Mr. Essien, who is also a former member of the House of Representatives, said the DPR was operating from a rented two-bedroom apartment in Eket, adding that NNPC itself has no single office in Akwa Ibom, despite the fact that the state was the largest oil producing state in the country.

“When the NNPC workers come to Akwa Ibom to supervise oil production, where they are joint venture partners with oil companies, they stay in the tents provided by the oil companies,” Mr. Essien said. “And you know what that means.

“None of the NNPC subsidiaries are located in Akwa Ibom State. There’s no oil depot in the state for refined petroleum products. The communities are neither stakeholders nor shareholders in the oil business.

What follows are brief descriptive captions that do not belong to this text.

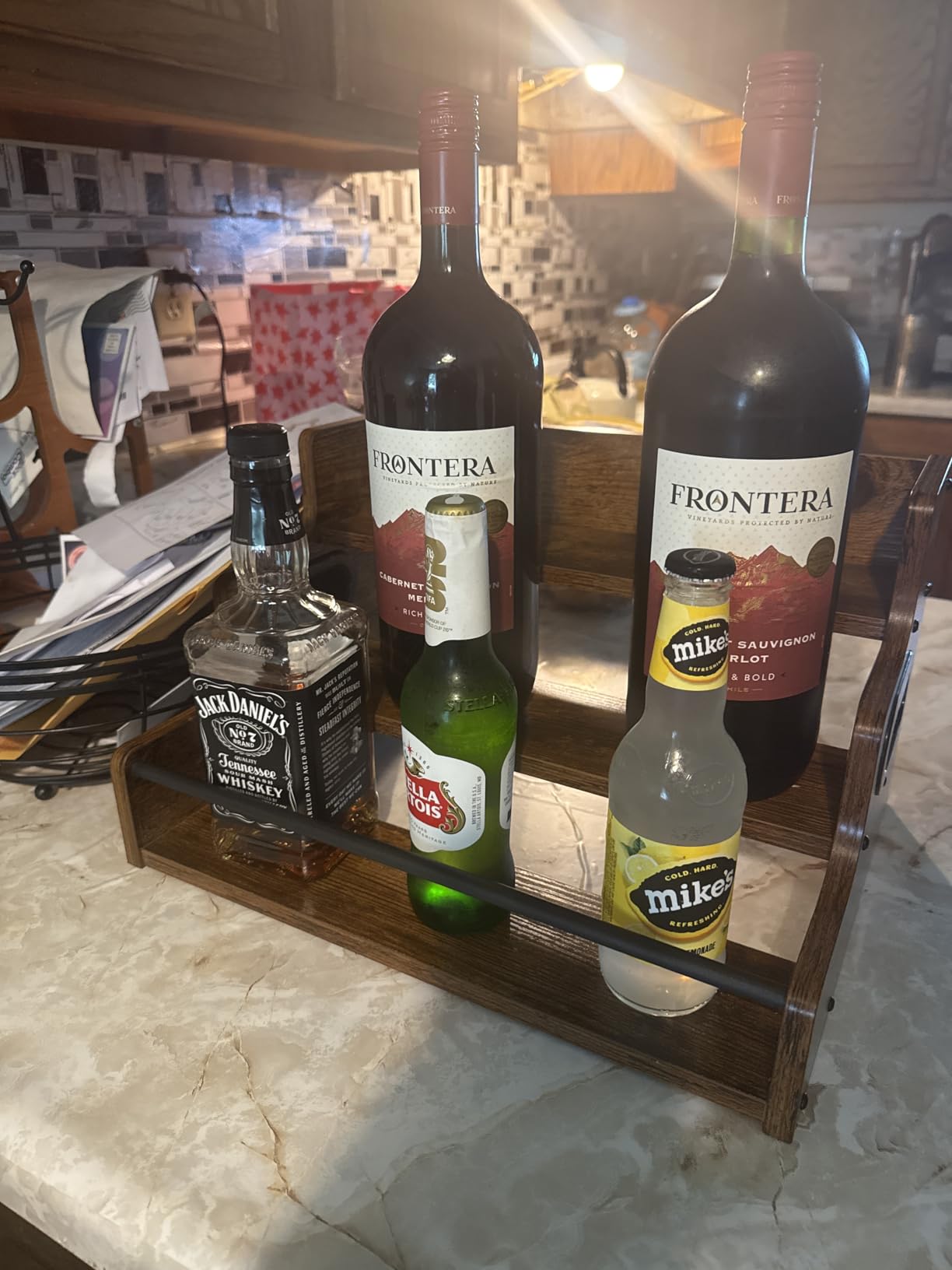 KLM Liquor Bottle Display Shelf, Coffee Syrup Rack Organizer, 3 Step Countertop Liquor Wine Rack, mini bar,liquor cabinet, Home Retro Bar Shelf Stand for Liquor Whiskey, Spirits customer photo 2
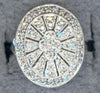 ESTATE .24CT DIAMOND 14KT WHITE GOLD 3D CLASSIC FLOWER OVAL FILIGREE FUN RING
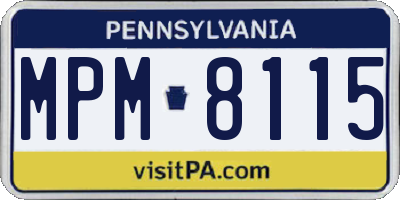 PA license plate MPM8115
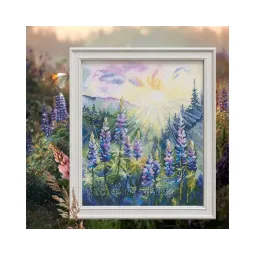 Kryželiu siuvinėjimo rinkiniai "Vilkdalgiai saulėkaitoje" 19x23 RTOM1066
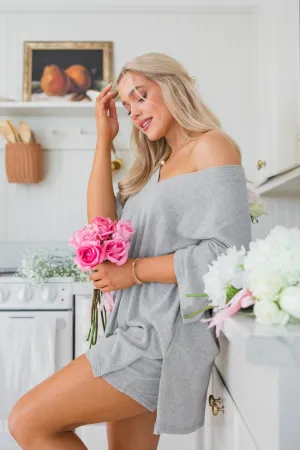 Love Me So Heather Grey Ribbed Knit Set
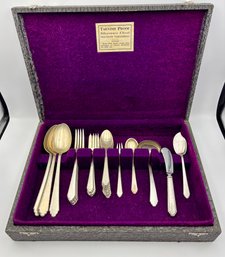 Lot Set Of 36 Lunt Treasure Sterling Silver Flatware Spoons, Forks, Utensils W/ Box (46 OZ)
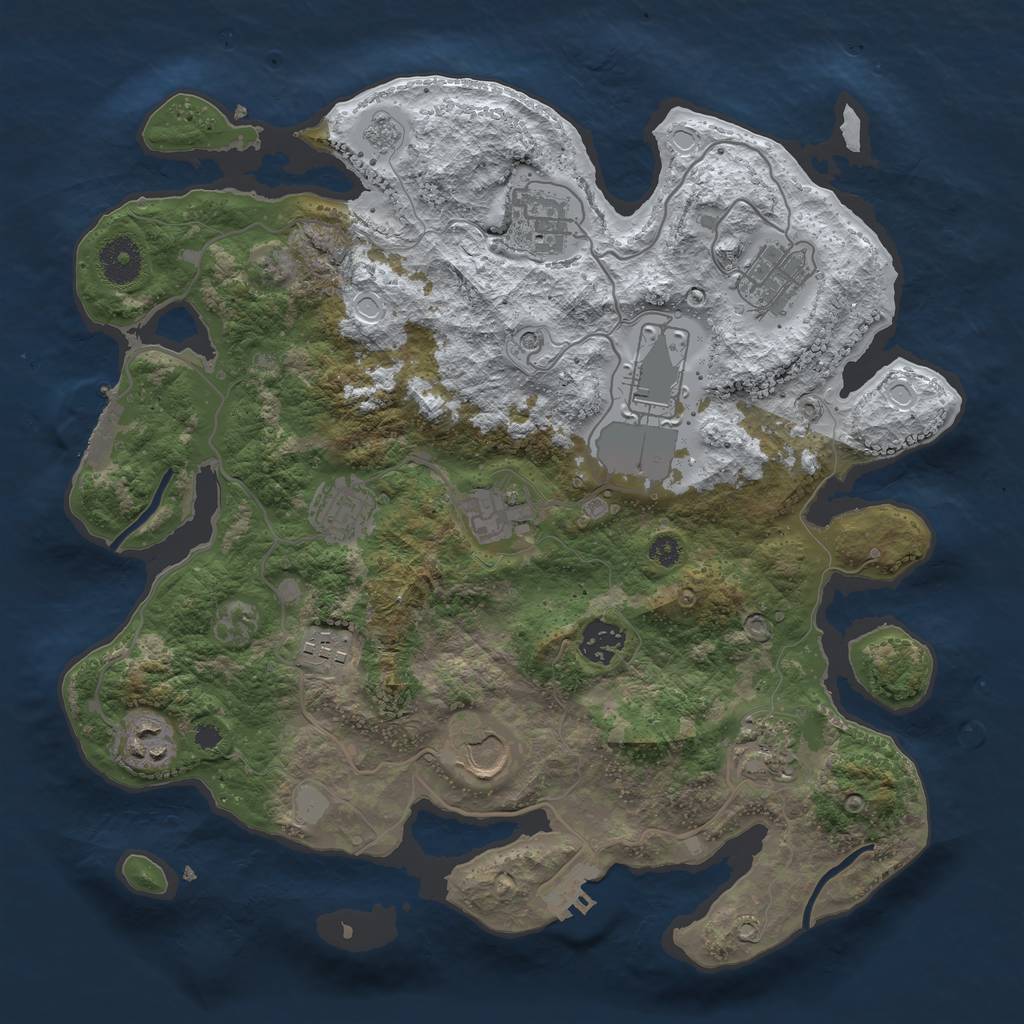Rust Map: Procedural Map, Size: 3500, Seed: 126465, 19 Monuments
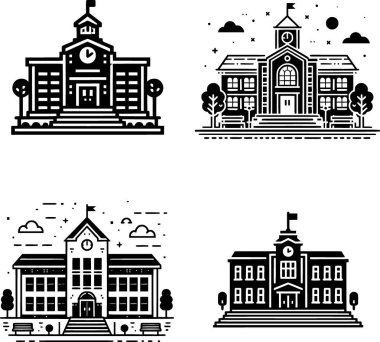 Bir dizi minimalist siyah-beyaz okul binası simgesi temiz çizgi sanat tarzında.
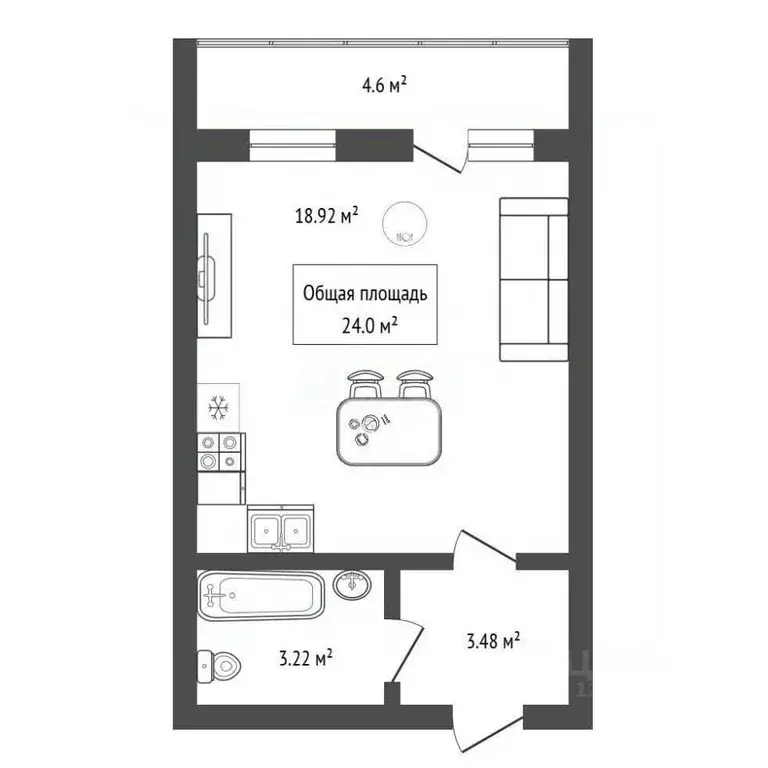 Студия Новосибирская область, Новосибирск Воскресная ул., 54 (24.0 м) - Фото 2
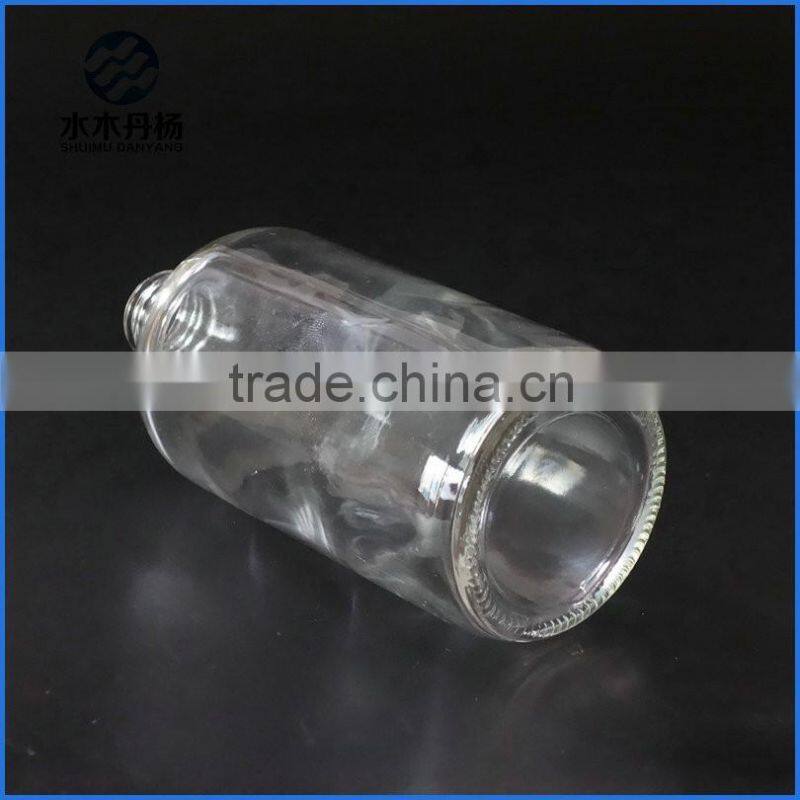 500ml 16oz clear boston round glass bottle pharmaceutical clear boston bottle with gold screw cap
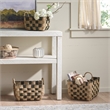 Safavieh Fillip Set Of 3 Seagrass and Metal Baskets in Natural / Brown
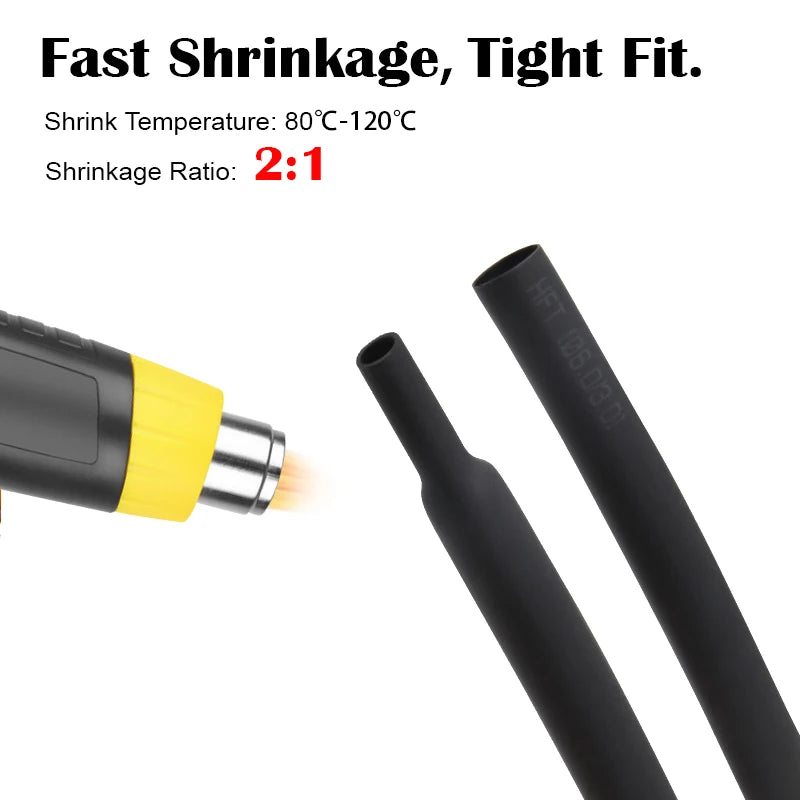1/2/5M Black 2:1 Heat Shrink Tube Diameter 0.6mm~120mm Wire Repair Protector Polyolefin Insulated Shrinkable Cable SleeveTubing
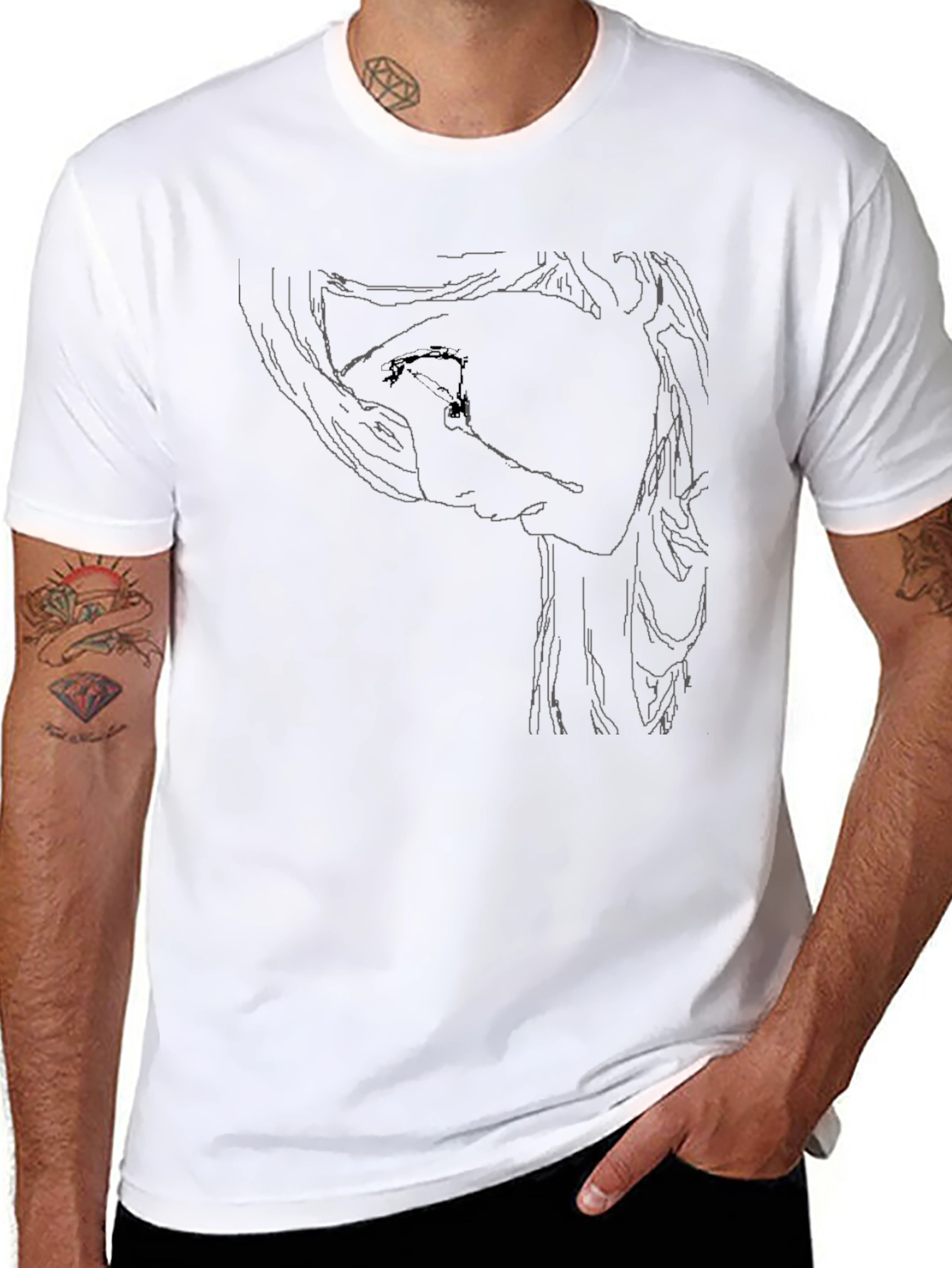 Artistic Black Tee with Abstract Graphic
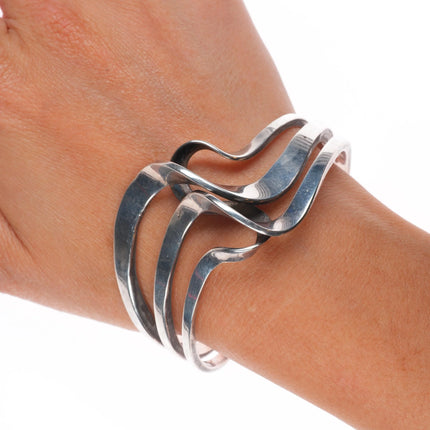 6.6" Michael Kirk Isleta/Navajo sterling silver modernist freeform cuff bracelet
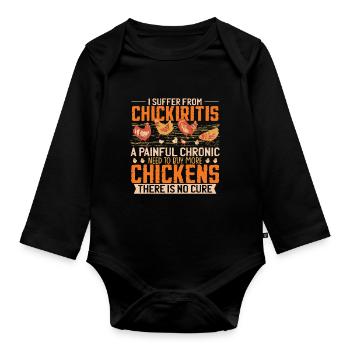 Poulet drôle de poulailler Élevage Fermier - Body Bébé bio manches longues - noir - Devant
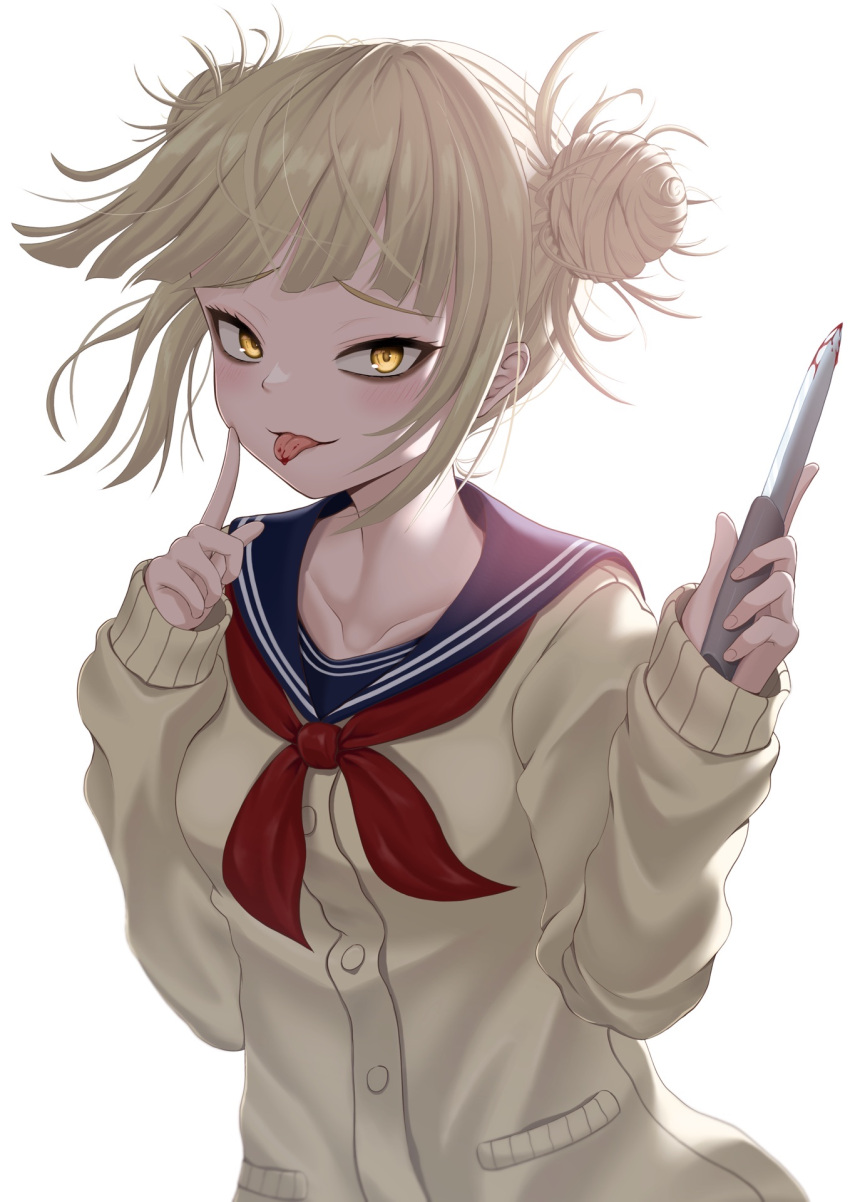 1girl, bags_under_eyes, blonde_hair, blood, blood_on_knife, blood_on_tongue, blue_sailor_collar, boku_no_hero_academia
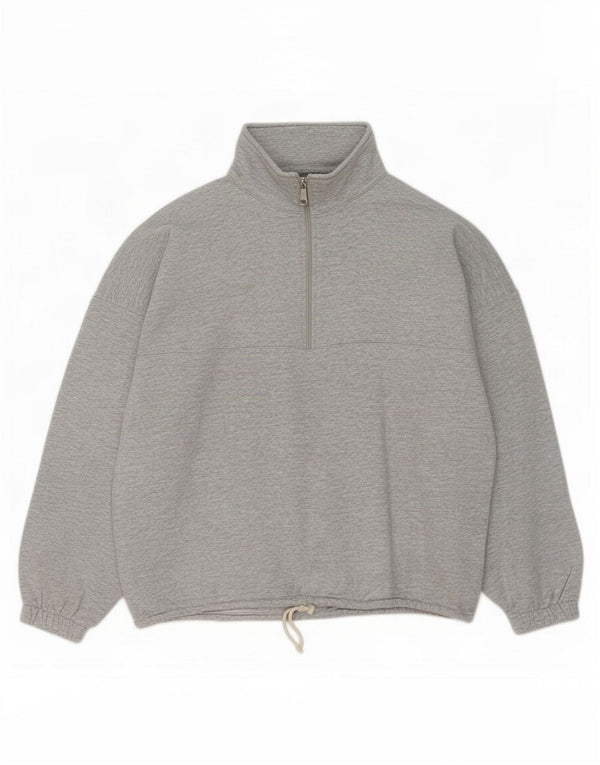 Vintage Mens Zip Neck Sweatshirt Jumper XL Grey
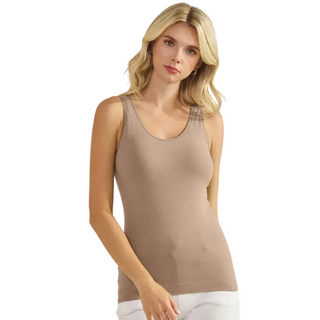 Women's Reversible Seamless Tank with Built-in Bra in Mocha *One Size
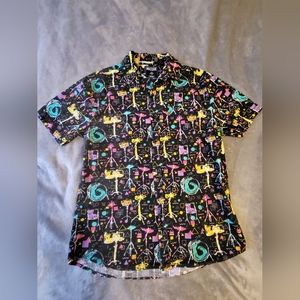 Mens Size M Massive Button-Down with Neon Shapes and Drum Sets Patterns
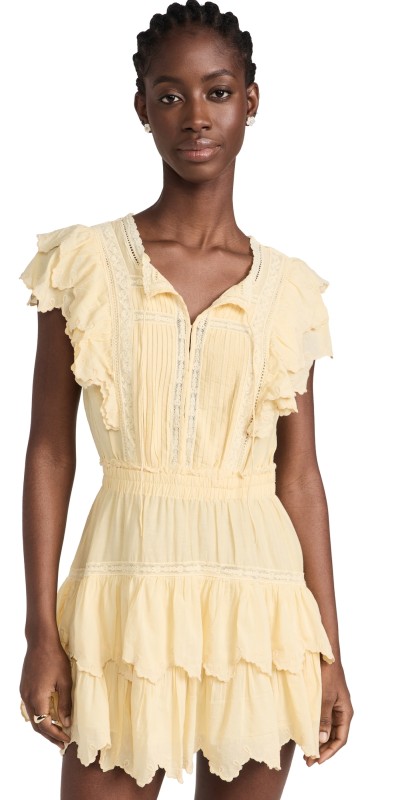LoveShackFancy Darryl Dress Pastel Yellow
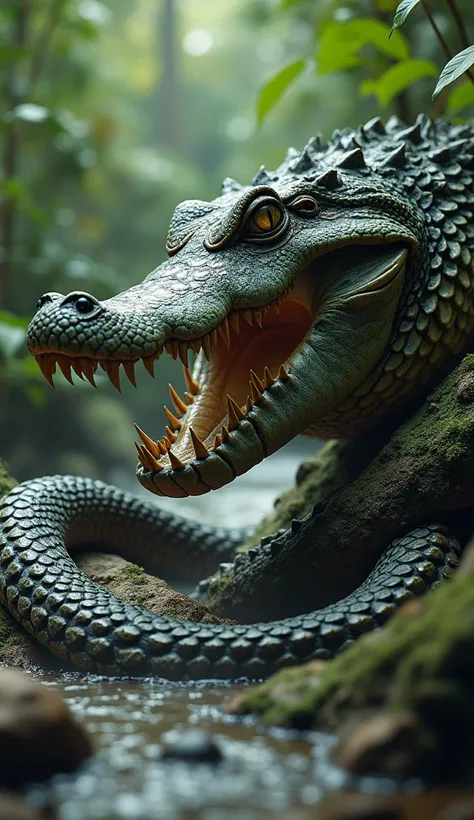 Snake and crocodile in one frame 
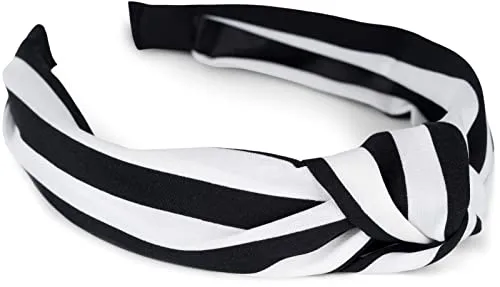 styleBREAKER Damen Haarreif mit Streifen Muster und Knoten im Retro Style, Vintage Look, Haarband, Headband 04027016, Farbe:Schwarz-Weiß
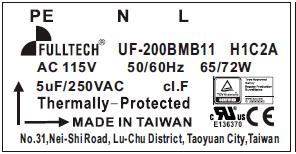 external rotor fan label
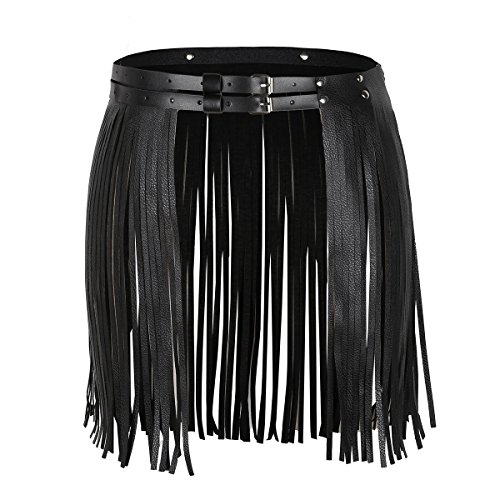Alvivi Womens Adjustable Waistband Faux Leather Fringe Dress Belt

“Apart from the 13 per cent oil derivation money paid to the state government, the oil producing communities in Akwa Ibom have nothing to show for several years of oil exploration in the state.”

“The federal government has shown no interest in meaningful development and presence in the areas, other than providing policemen and other security personnel in the area.

“They only provide policemen and other security to ensure that oil flows uninterrupted in the area.

“The oil services companies come from outside Akwa Ibom with their workers whose taxis are paid to their places of residence. The auxiliary benefits and the multiplier effects of operating in the oil producing area are therefore lost.”

Mr. Essien said the story of oil exploration in the state was “the story of woes”, and added that the state was exceptionally peaceful in the Niger Delta region because the elders prevailed upon the youth not to bomb oil pipelines.

“We can no longer guarantee that the youth will continue to listen to us if the federal government continues to ignore us,” Mr. Essien said, pleading with the federal government to reward the state with needed projects and human development.

He reiterated the demand of the people that oil companies operating in the state should move their headquarters to the state.

“Today, all those impediments ranging from lack of airport, road network, housing, and accommodation have been conquered. They don’t have any excuse not to move their headquarters to Akwa Ibom.”

Both the acting president and the minister of state for Petroleum praised the Akwa people for not resorting to the bombing of oil pipelines.

Mr. Kachikwu promised that he would ensure that NNPC establishes its presence in the state.

“This state is not just known as the highest producer of oil in Nigeria, it is also the most peaceful state,” Mr. Kachikwu said. “I would not have been able to deliver some of the results we are seeing today without the support of the people of this state.”